Todavia, ressaltamos que há alguns "poréns" nesses nossos achados. O número de estudos realizados com espécies tropicais é 2,5x menor do que com espécies temperadas, indicando que com mais espécies sendo estudadas, em diferentes localidades, esse cenário poderá mudar. Porém, por enquanto, a contagem para o nocaute do postulado de Orton (pelo menos para as esponjas) já está aberta e, enquanto ela se segura nas cordas, nós cientistas precisamos estudar mais sobre este interessante aspecto da ecogeografia marinha global.

Distribuição dos estudos realizados sobre a reprodução das esponjas no globo. Cada ponto vermelho indica uma localidade estudada. A densidade do vermelho do ponto está relacionada ao número de espécies investigadas naquela região. Notem a maior concentração de espécies nas regiões temperadas (principalmente a Norte [acima de 23 ºN]) e, em especial, em determinadas regiões onde historicamente há maior concentração de pessoas estudando esponjas: Mediterrâneo, Caribe e Austrália.

Nosso trabalho foi publicado em março deste ano na revista Hydrobiologia e tem um significado muito importante para o LEBR, pois foi o primeiro artigo que foi desenvolvido integralmente no laboratório e contou com a participação de (quase) todos os estudantes que passaram por aqui.

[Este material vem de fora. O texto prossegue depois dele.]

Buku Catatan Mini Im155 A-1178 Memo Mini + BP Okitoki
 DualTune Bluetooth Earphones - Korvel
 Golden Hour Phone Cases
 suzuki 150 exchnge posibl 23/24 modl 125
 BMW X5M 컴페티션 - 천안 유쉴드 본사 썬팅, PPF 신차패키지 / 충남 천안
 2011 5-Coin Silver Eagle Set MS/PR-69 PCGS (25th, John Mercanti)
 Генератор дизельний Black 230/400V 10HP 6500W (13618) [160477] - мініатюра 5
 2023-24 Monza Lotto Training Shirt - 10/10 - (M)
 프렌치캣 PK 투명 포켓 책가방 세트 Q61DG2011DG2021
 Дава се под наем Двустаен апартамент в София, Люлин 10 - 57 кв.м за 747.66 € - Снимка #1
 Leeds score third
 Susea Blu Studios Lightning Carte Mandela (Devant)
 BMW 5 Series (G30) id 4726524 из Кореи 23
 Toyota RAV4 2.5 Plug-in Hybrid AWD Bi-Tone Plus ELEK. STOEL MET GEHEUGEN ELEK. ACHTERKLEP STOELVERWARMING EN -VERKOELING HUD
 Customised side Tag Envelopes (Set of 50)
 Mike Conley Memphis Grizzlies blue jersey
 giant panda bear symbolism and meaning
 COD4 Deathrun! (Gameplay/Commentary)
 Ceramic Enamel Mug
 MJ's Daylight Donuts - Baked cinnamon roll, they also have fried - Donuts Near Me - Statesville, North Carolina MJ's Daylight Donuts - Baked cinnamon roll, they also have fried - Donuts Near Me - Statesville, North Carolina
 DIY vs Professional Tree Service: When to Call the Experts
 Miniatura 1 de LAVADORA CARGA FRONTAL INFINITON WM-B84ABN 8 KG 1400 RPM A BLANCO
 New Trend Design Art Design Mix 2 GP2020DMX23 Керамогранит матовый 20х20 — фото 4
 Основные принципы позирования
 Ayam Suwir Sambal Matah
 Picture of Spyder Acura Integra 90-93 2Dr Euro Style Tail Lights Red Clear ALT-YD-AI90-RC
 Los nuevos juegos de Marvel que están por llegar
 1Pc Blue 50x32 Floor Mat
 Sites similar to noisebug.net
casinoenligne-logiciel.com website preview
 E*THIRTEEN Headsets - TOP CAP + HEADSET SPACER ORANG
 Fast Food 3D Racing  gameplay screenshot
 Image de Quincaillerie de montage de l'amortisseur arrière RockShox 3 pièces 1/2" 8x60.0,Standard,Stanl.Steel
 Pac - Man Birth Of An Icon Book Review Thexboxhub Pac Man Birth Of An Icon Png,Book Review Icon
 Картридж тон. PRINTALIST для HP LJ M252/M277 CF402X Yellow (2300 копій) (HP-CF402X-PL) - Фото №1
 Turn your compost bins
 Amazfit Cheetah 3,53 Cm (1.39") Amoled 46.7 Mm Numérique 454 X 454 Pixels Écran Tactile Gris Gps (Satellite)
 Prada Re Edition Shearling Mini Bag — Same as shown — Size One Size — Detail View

Esta postagem é um rápido panorama sobre o trabalho e você pode saber muito mais sobre nosso estudo lendo o artigo. Se estiver interessado, peça a referência abaixo para gente!

Lanna, E., Cajado, B., Santos-da-Silva, C., da Hora, J., Porto, U., Vasconcellos, V. (2018) Is the Orton’s rule still valid? Tropical sponge fecundity, rather than periodicity, is modulated by temperature and other proximal cues. Hydrobiologia, 815(1), 187-205.